■ **Information shown**
+ + + + + + +
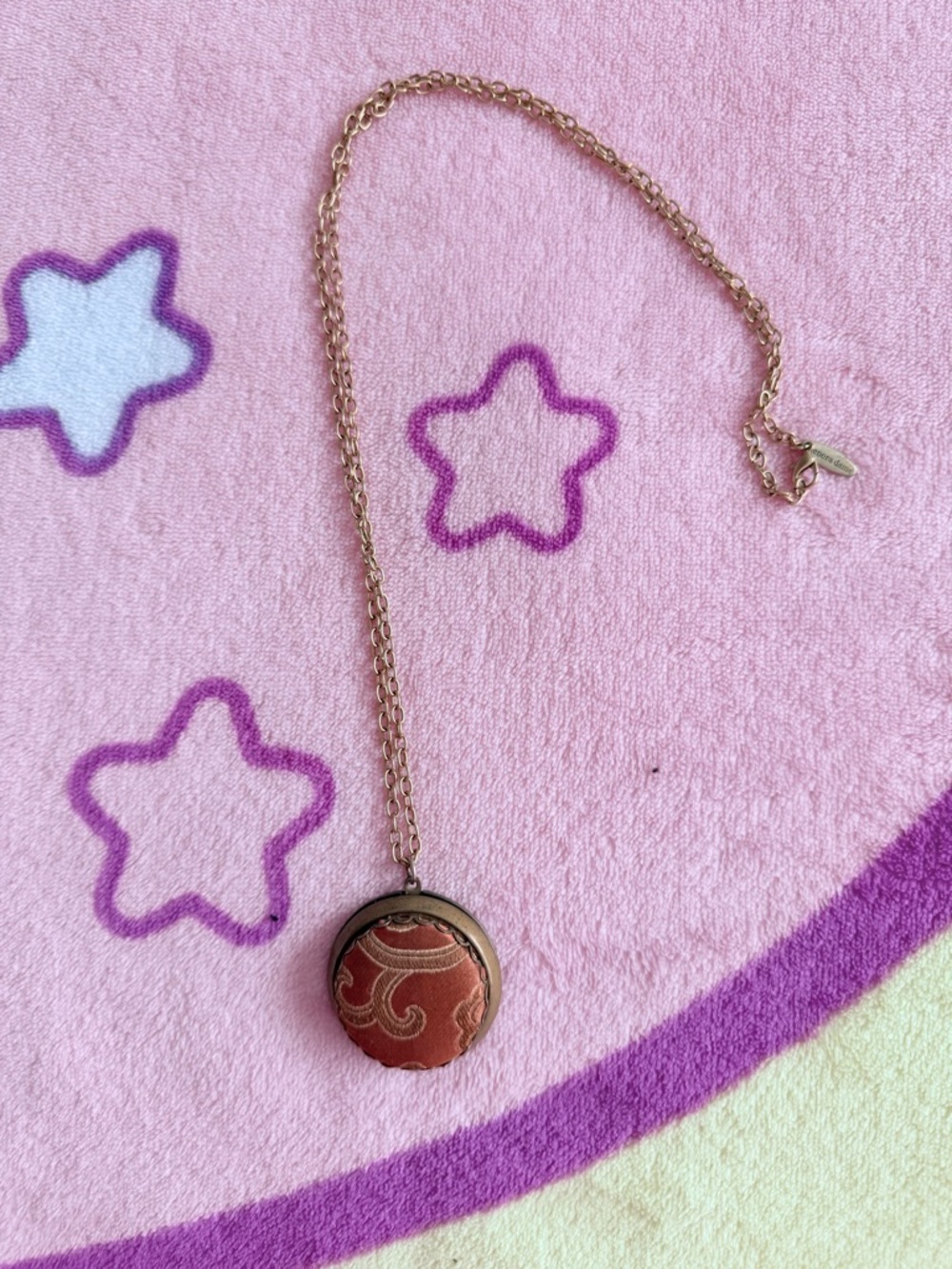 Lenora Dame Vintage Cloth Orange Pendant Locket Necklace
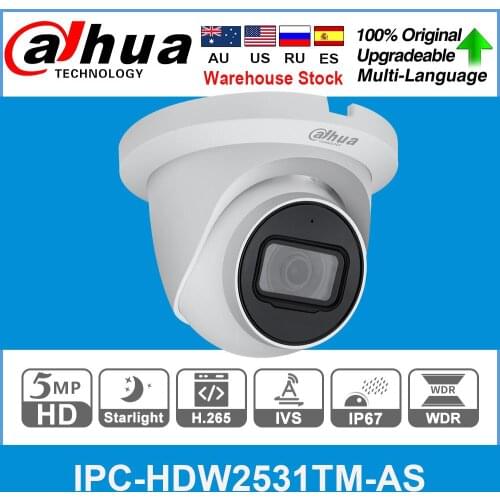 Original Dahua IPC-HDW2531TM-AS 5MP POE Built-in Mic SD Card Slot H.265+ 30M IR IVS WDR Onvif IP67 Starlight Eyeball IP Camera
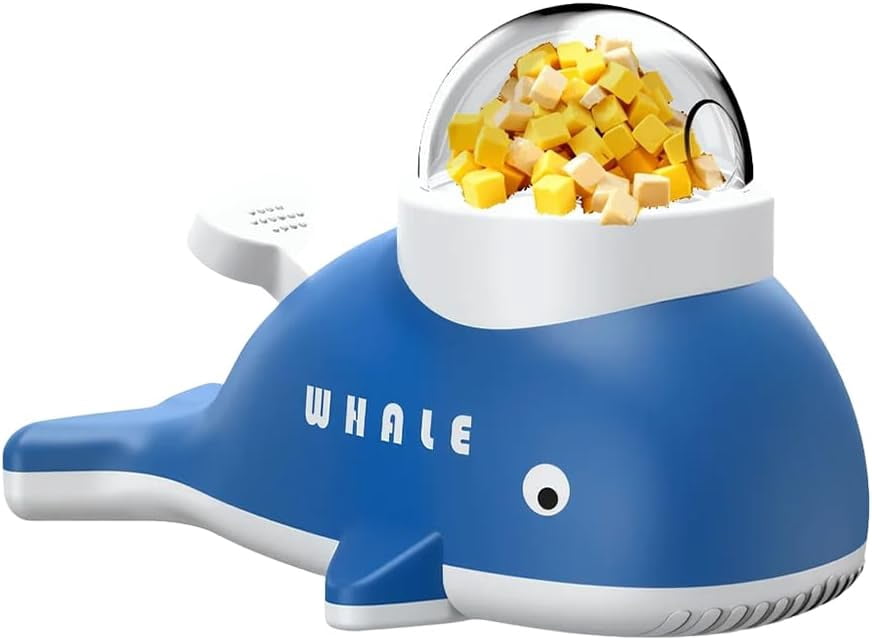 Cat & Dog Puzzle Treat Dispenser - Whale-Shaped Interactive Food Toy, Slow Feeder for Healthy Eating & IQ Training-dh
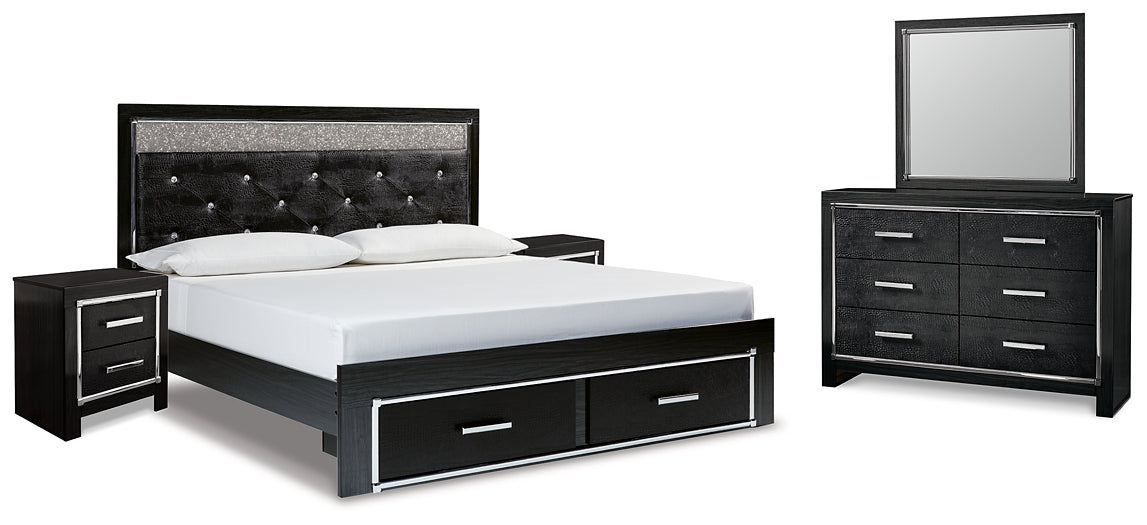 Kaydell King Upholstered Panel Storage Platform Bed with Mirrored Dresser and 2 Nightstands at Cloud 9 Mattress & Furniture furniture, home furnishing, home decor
+ + + + + + +
■ **Your objective**
The lines from the top of the data above through the one holding "Original Dahua IPC-HDW2531TM-AS" are to be repeated exactly, and only those, with no pictures.

■ **Solution below**
 Lenora Dame Vintage Cloth Orange Pendant Locket Necklace
 Original Dahua IPC-HDW2531TM-AS 5MP POE Built-in Mic SD Card Slot H.265+ 30M IR IVS WDR Onvif IP67 Starlight Eyeball IP Camera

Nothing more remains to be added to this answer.